New Zealand houses are overvalued by as much as 25%, the International Monetary Fund has said in its annual economic assessment of the country.
It suggested the Reserve Bank would need to raise interest rates if house price rises and credit expansion continued, but said it was comfortable with current monetary policy.
In previous years, the IMF had said house prices were 10% to 20% overvalued.
This year, it said house prices were a primary issue for New Zealand and could “lead to an increase in debt-financed household spending which would put pressure on aggregate demand and increase the risk of an abrupt price correction.”
It noted that price-to-income ratios are 20% higher than the average of the past three decades. Price-to-rent ratios show an even larger overvaluation, although the IMF noted that that was distorted by the large number of houses supplied by the Government.
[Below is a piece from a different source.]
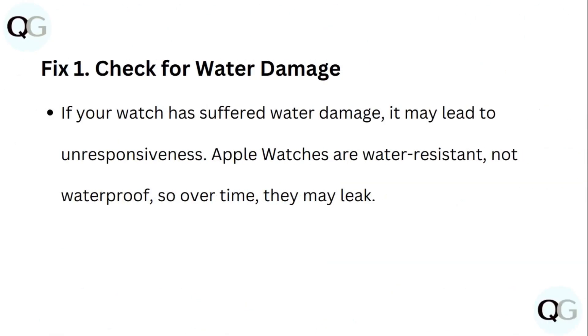Step 1: Check for water damage. If your watch has suffered water damage, it may lead to unresponsiveness. Apple Watches are water resistant, not waterproof, so over time they may leak.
Population growth, low housing investment, supply constraints, low interest rates and high building costs were driving values, the IMF said.
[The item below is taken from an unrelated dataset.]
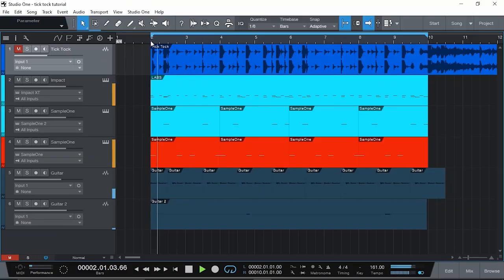So the main beat sounds like this. And then it repeats. It actually has less elements than I thought it would have.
"New Zealand has one of the highest rates of growth for working age population among OECD countries—over the last 30 years New Zealand has experienced population growth well above the OECD mean."
It said not enough new housing was being built.
"Housing investment fell sharply in the wake of the global crisis and has been below 4% of GDP in the last five years, the lowest level in 40 years and relatively low when compared to other countries."
It noted that the cost of building was a lot higher than in Australia and industry productivity was flat-lining.
The IMF raised its assessment of the potential for a sharp fall in house prices to "low to medium", from "low" previously. Such an event would have a medium to high impact on the economy by reducing household investment and increasing mortgage defaults.
Directors agreed that the current accommodative monetary policy stance was appropriate.